Majority of political leaders have narrow and short perspectives of things because getting elected and once in office, retaining those positions are their primary motivation.
While reflecting on this, I ask myself “What do most of adult Kenyans think at night? What issues make them sleepless? Why do many of our young citizens love to move to second country and quit Kenya if given slightest opportunity?”
For sure, outside chance or luck, factors that determine who wins majority of our votes for elective posts during the General Election will revolve around five issues and surprisingly, ethnicity isn’t one of them. These are the credibility of the candidates themselves, (c), their innovations and positions on public finance reforms, (f), their organisational skills, (o), and resource capacities, (r), and finally the power of their campaign messages, (m), forming the acronym, ‘C. Form’.
The three main assets in the election are the candidates themselves, resources and the message as to why one is running for office and why he or she is the best person they should vote for. In an election, the candidates are the products on display and the voters make their choices. As rational people, history has shown when given free hand voters make credible choices as to who they elect.

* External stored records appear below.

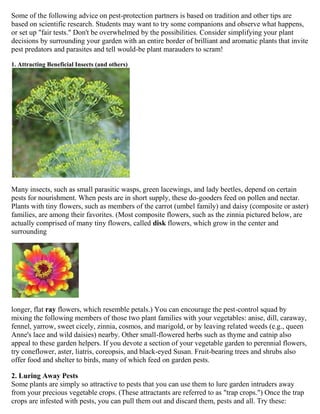 Some of the following advice on pest-protection partners is based on tradition and other tips are
based on scientific research. Students may want to try some companions and observe what happens,
or set up "fair tests." Don't be overwhelmed by the possibilities. Consider simplifying your plant
decisions by surrounding your garden with an entire border of brilliant and aromatic plants that invite
pest predators and parasites and tell would-be plant marauders to scram!

1. Attracting Beneficial Insects (and others)




Many insects, such as small parasitic wasps, green lacewings, and lady beetles, depend on certain
pests for nourishment. When pests are in short supply, these do-gooders feed on pollen and nectar.
Plants with tiny flowers, such as members of the carrot (umbel family) and daisy (composite or aster)
families, are among their favorites. (Most composite flowers, such as the zinnia pictured below, are
actually comprised of many tiny flowers, called disk flowers, which grow in the center and
surrounding




longer, flat ray flowers, which resemble petals.) You can encourage the pest-control squad by
mixing the following members of those two plant families with your vegetables: anise, dill, caraway,
fennel, yarrow, sweet cicely, zinnia, cosmos, and marigold, or by leaving related weeds (e.g., queen
Anne's lace and wild daisies) nearby. Other small-flowered herbs such as thyme and catnip also
appeal to these garden helpers. If you devote a section of your vegetable garden to perennial flowers,
try coneflower, aster, liatris, coreopsis, and black-eyed Susan. Fruit-bearing trees and shrubs also
offer food and shelter to birds, many of which feed on garden pests.

2. Luring Away Pests
Some plants are simply so attractive to pests that you can use them to lure garden intruders away
from your precious vegetable crops. (These attractants are referred to as "trap crops.") Once the trap
 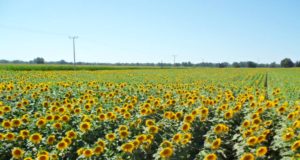 Para CRA, el girasol es un cultivo en peligro de extinción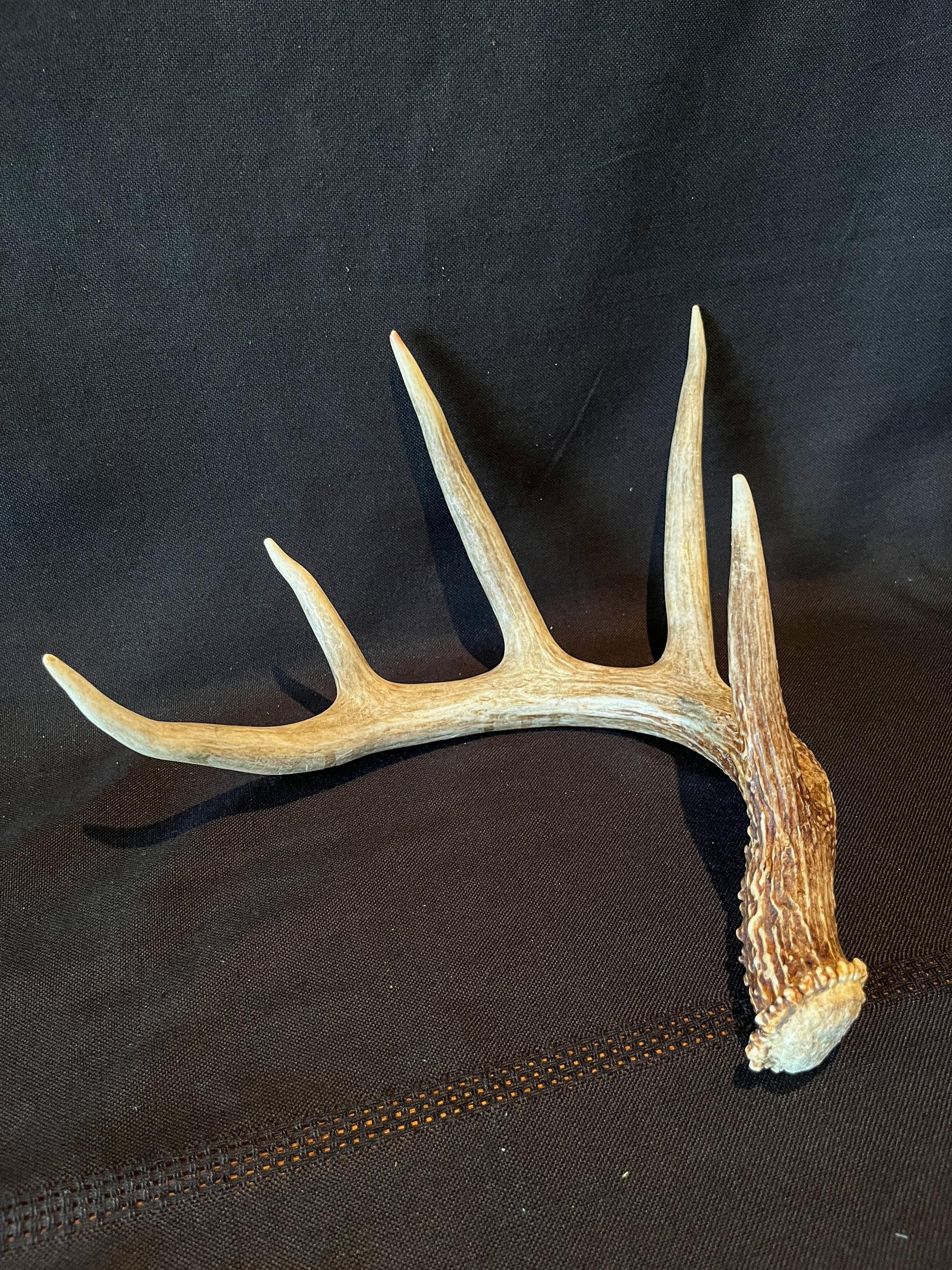 White-tailed Deer Antler - 5 Point Canadian Whitetailed deer Shed Antler. Decor, design, crafting and more!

Kenyans would not be any different.
Most elections fail because of poor strategies, organizations and executions caused by insufficient resources. A resource is the third worst part of the election. Second are the candidate’s competency, character and physical flaws.
Losing the election is the worst. Having no issues or poorly crafted, redundant, uncompetitive and unimaginative election message is bad.
The thought on campaign issues reminds me of a famous joke attributed to an American public intellectual, Norman Finkelstein.
Finkelstein said one time a journalist interviewed three people: a Russian, a Pole and an Israeli. The reporter asked the Russian, “Excuse me, what is your opinion of meat shortage?” The Russian answered, “What is opinion?” Then the reporter asked the Pole, “Excuse me, what is your opinion of meat shortage?” The Pole responded, “What is meat?” Then the Israeli: “Excuse me, what is your opinion of meat shortage?” The Israeli responded, “What is excuse me?”
The results of September 17 where ODM and TNA became victorious even in most unlikely wards confirmed the thesis that Kenyan voters have become off age.
The message should and must acknowledge, in the science of administration, whether public or private, the basic ‘good’ is efficiency. Any candidate who picks this trajectory in his or her campaign is fairly assured of victory.